Unity in Diversity - React front-end consuming diverse micro-services for graph visualization and data transformations

By Nitin Reddy

Elevator Pitch

Creating next-gen products e.g. Satellites and Electric vehicles require unifying data from various teams to build a digital thread. Our product Syndeia solves this problem with a React-based frontend with scalable microservices. Join us as we share our React story with data and visualization.

Description

From satellites to supply chains, and energy to IoT and healthcare, organizations developing large complex products of the future are faced with the challenge of bringing diverse set of models and data from various engineering teams (systems, mechanical, electrical, manufacturing, and software) to build a unified definition of their product and track the complete lifecycle of that product - cradle to grave. Syndeia (www.syndeia.com) is a cloud-native platform backed by reactive microservices that makes it possible for engineering teams to connect to models/data in various enterprise engineering repositories and build a live digital thread of a product using that data. Syndeia users are in aerospace, automotive, defense, energy, healthcare, manufacturing, and other industry verticals.

Syndeia’s front-end web-dashboard is a React application that consumes and unifies the data/models coming from various microservices and presents them in a variety of ways - graph visualizations, tree-tables, D3 charts, plots, and more. In this talk, I will share lessons learned in building a React-based web-dashboard that works with microservices at scale.

Specifically, the audience will learn about:-

  1. Embedding various forms of visualizations in React components, such as trees, tables, graphs (vertices & edges), and analytics plots.

  2. Dealing with latency in service responses when rendering data in React components. This includes using PureComponent, using Redux to store the data that is accessible across the application, designing fit-for-purpose components, and presenting data incrementally to users for maximizing responsiveness.

  3. Scaling the performance of React components, especially when rending a graph with 1000+ elements resulting from a graph query.

  4. Robustly dealing with failure, e.g. managing states and exceptions when microservices go down. We have used Redux to manage application states.

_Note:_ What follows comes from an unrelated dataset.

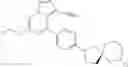 Fig. 907 - Substituted pyrazolo[1,5-A]pyridine compounds as RET kinase inhibitors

I will also share learning resources on how to get started with building a new React-based web-dashboard that works with backend microservices and REST APIs at scale.

Notes

This talk is for all kinds of an audience who have basic to advance level understanding of ReactJS. The audience may or may not have any working experience with Graph visualization. I can clearly explain the in and outs of challenges, and learnings while I was working on React app + graph viz.